Pentacle

Sophia Domancich

par Sophie Chambon le 04/05/2003

Note: 9.0    

Dès les premières mesures de la suite "Vestiges Pentecôte", on s’immobilise, subjugué, et l’on se surprend à croire à un retour de la grande époque du jazz. C’est dire que, sans tomber dans la nostalgie - ici ni "revival", ni reprise au sens strict - Sophia Domancich ramène et ranime des sensations oubliées : elle réveille et fait aimer encore ce qui a pu décider d’un goût irrésistible pour le jazz. "Pentacle" désigne les cinq branches d’un mystérieux polygone dont la pianiste est le côté féminin affirmé, la part ombreuse qu’elle revendique sans jamais s’imposer comme soliste. L’audacieux batteur Simon Goubert sous-tend l’ensemble, épaulé par Claude Tchamitchian, qui avec l’archet de la contrebasse esquisse dans le long et contrasté "Don’t even think about him" des lignes de chant superbes de clarté. On retrouve toujours avec plaisir à la trompette, Jean Louis Capozzo, insatiable, volubile, lumineux et à l’euphonium (tuba à l’octave inférieure) le singulier Michel Marre, trop rare, qui s’épanche dans une ballade inscrite au programme, un "belchose" plus intimiste. Sophia Domancich, faussement fragile, s’est taillée avec une détermination farouche une place à part dans le monde du jazz : des textures affranchies du trio aux envolées excitantes du quintette plus cuivré, elle s’abandonne élégamment à ses propres rêves, entretenant toujours la surprise, par des changements abrupts de rythme, ou des reprises enchâssées.
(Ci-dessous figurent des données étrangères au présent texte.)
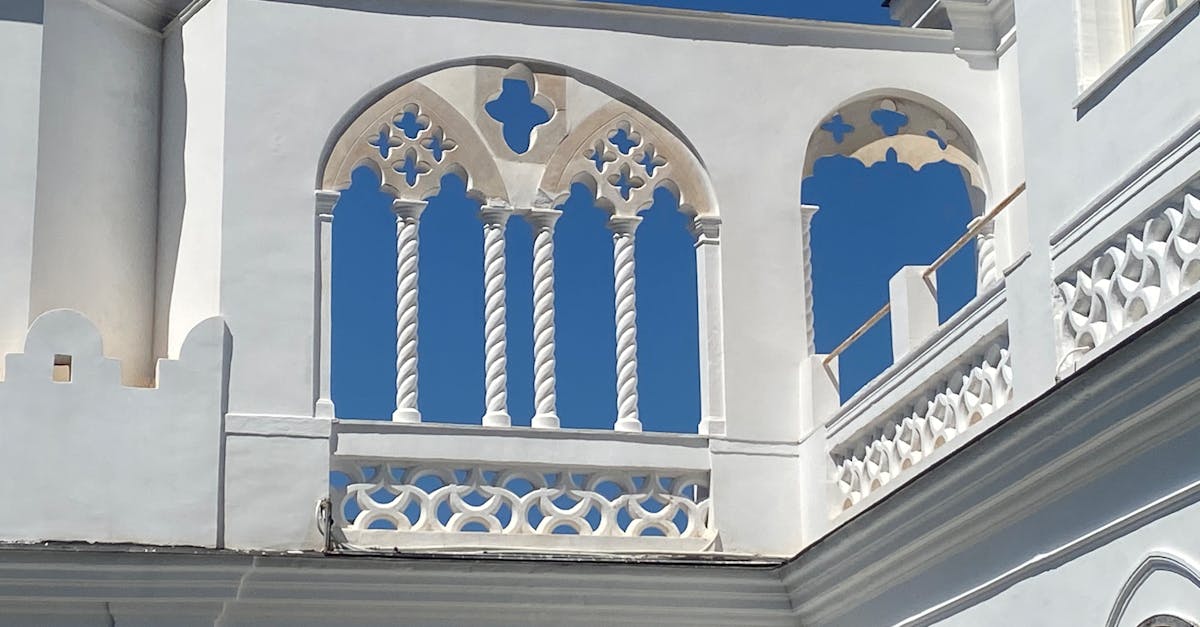 Close-up of intricate white arches with Gothic designs against a clear blue sky.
Jouant de son phrasé lyrique et mélodique, elle s’attarde sur des citations bienvenues qui deviennent récurrentes . Sans suivre un programme prédéterminé, c’est son ressassement travaillé qui lui permet de donner du sens à cette toile qu’elle tisse et trame continûment, telle Pénélope affrontant indirectement ses prétendants, les conduisant à l’égarement ou du moins les forçant à l’équilibre instable. Reculant ses limites en assemblant éperdument des fragments de discours. S’il en est qui ne cherchent pas, car ils pensent avoir déjà trouvé, d’autres se laissent construire par des errances créatives ; et ainsi le pentacle devient étoile, marine ou céleste.